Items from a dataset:
- - - -

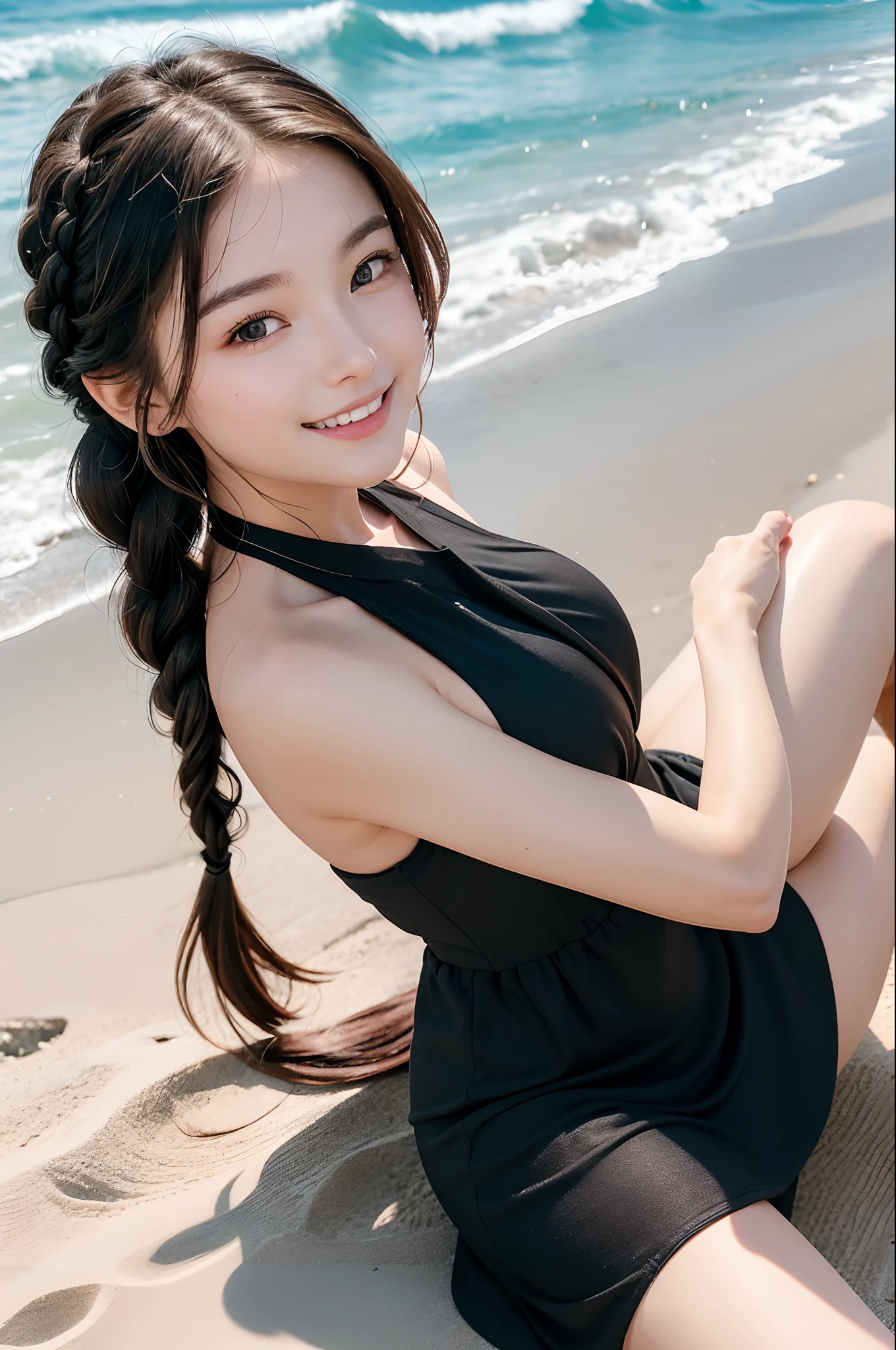 best quality, ultra hi res, photoreaslistic, a photography of a beautiful woman, 30yo teen age, detailed face, black Messy fishtail braid, Beach, (face close up), seductive look, looking at viewer, summer dress, sitting on the ground, happy smile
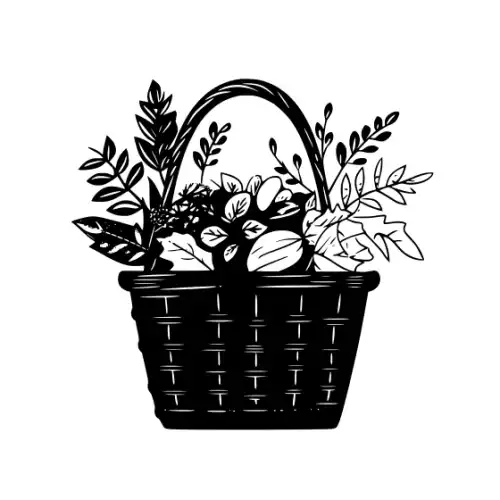Autumn Basket Silhouette SVG Design | SVG Files for Cricut & Print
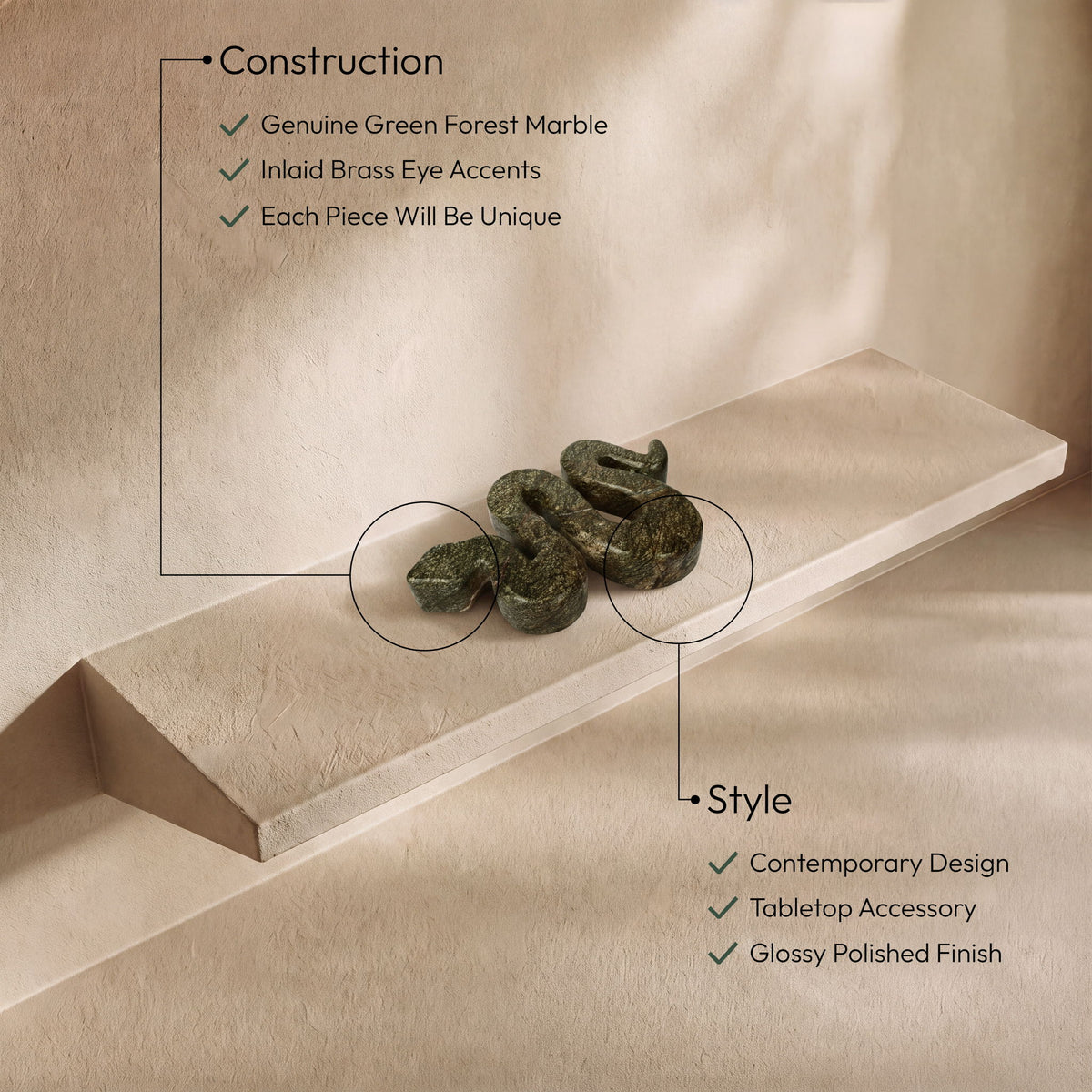 Asp - Genuine Marble Tabletop Object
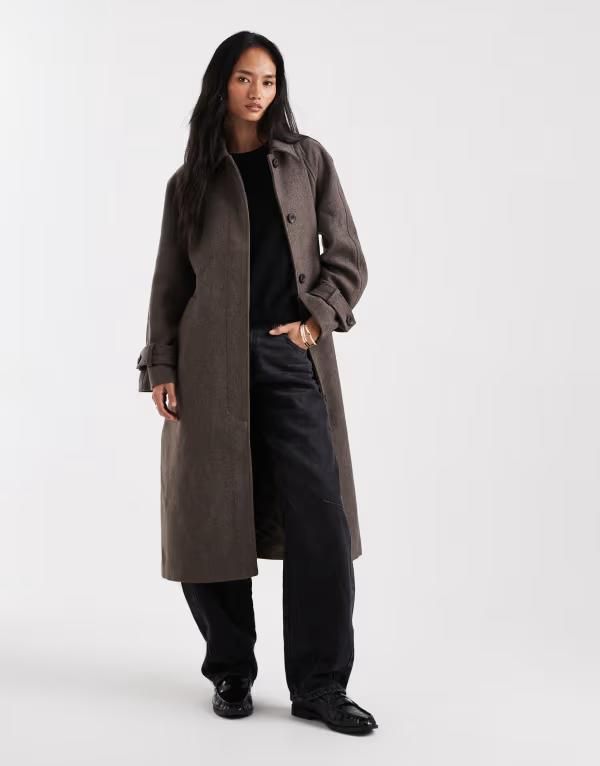 オブジェクト レディース アウター コート ウール Object premium wool mix tailored trench coat in taupe Morel トープ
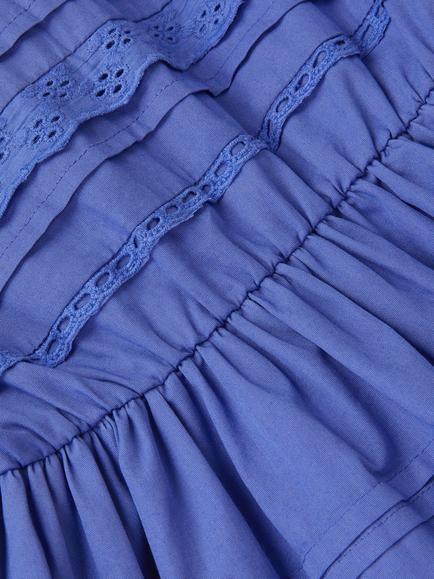 Monsoon Kids' Broderie Tiered Dress, Blue - view 2, Blue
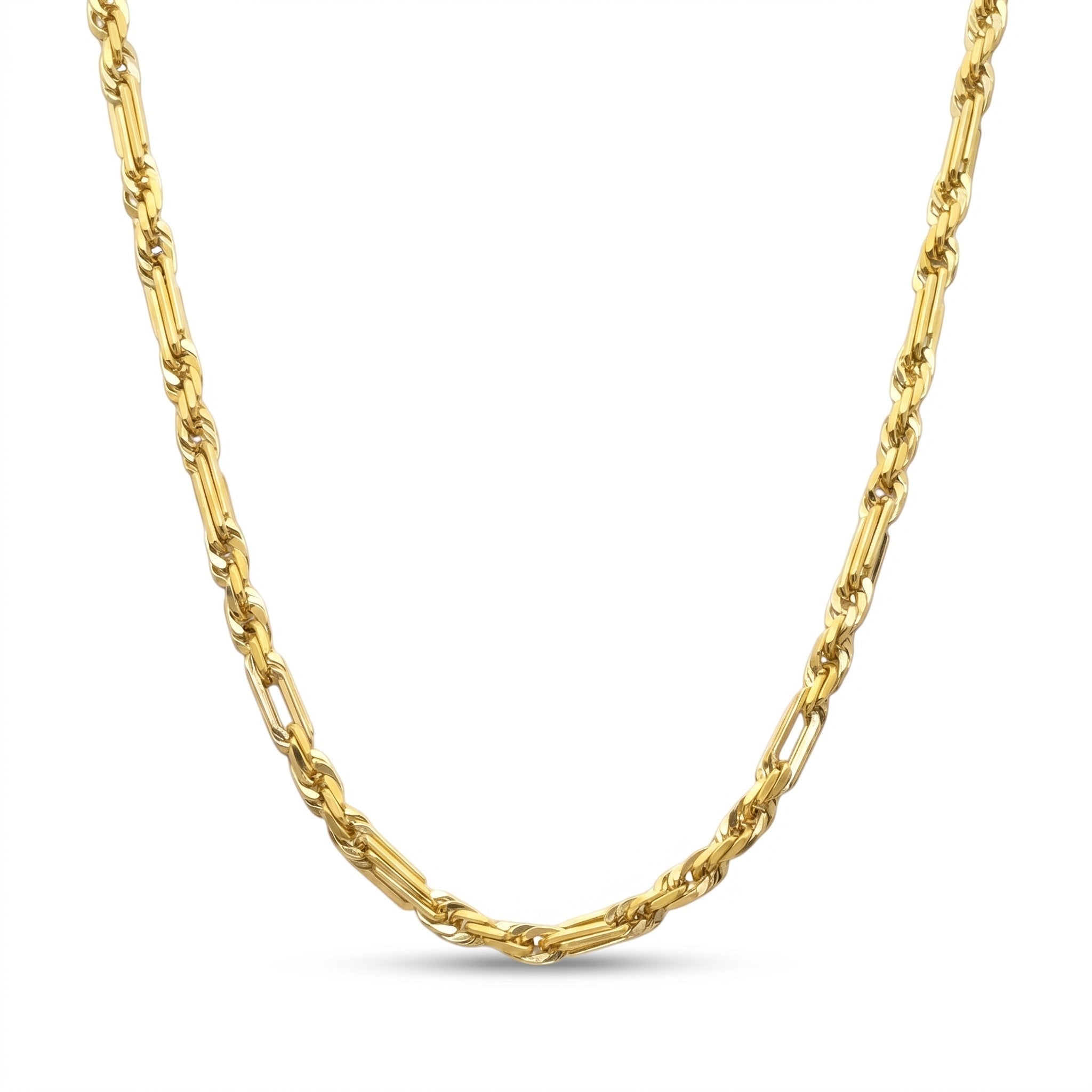 Cadena Fígaro Premium de El Rey Joyero en oro laminado 18k con eslabones brillantes y diseño clásico.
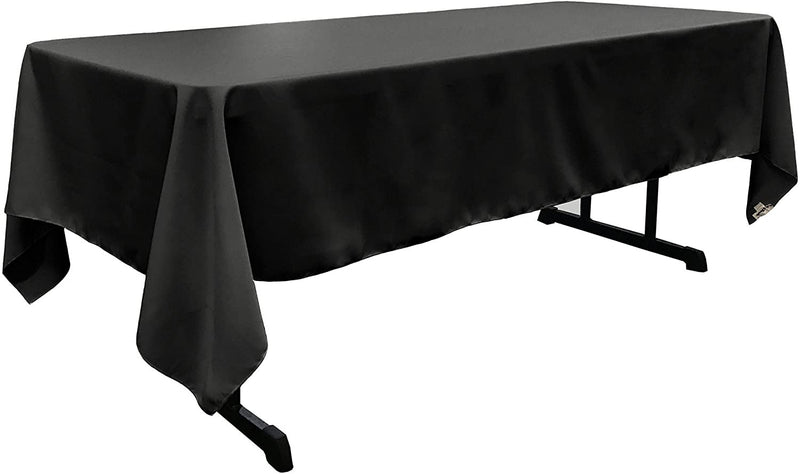 60" Wide Black Polyester Poplin Rectangular Tablecloth, Polyester Rectangular Cloth Table Covers for All Events (Pick a Size)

- - - -

» WHAT TO WORK ON:
Word for word, repeat the data above with the pictures left out.

» RESULT FOR THIS EXERCISE:
 best quality, ultra hi res, photoreaslistic, a photography of a beautiful woman, 30yo teen age, detailed face, black Messy fishtail braid, Beach, (face close up), seductive look, looking at viewer, summer dress, sitting on the ground, happy smile
Autumn Basket Silhouette SVG Design | SVG Files for Cricut & Print
 Asp - Genuine Marble Tabletop Object
 オブジェクト レディース アウター コート ウール Object premium wool mix tailored trench coat in taupe Morel トープ
 Monsoon Kids' Broderie Tiered Dress, Blue - view 2, Blue
 Cadena Fígaro Premium de El Rey Joyero en oro laminado 18k con eslabones brillantes y diseño clásico.
 60" Wide Black Polyester Poplin Rectangular Tablecloth, Polyester Rectangular Cloth Table Covers for All Events (Pick a Size)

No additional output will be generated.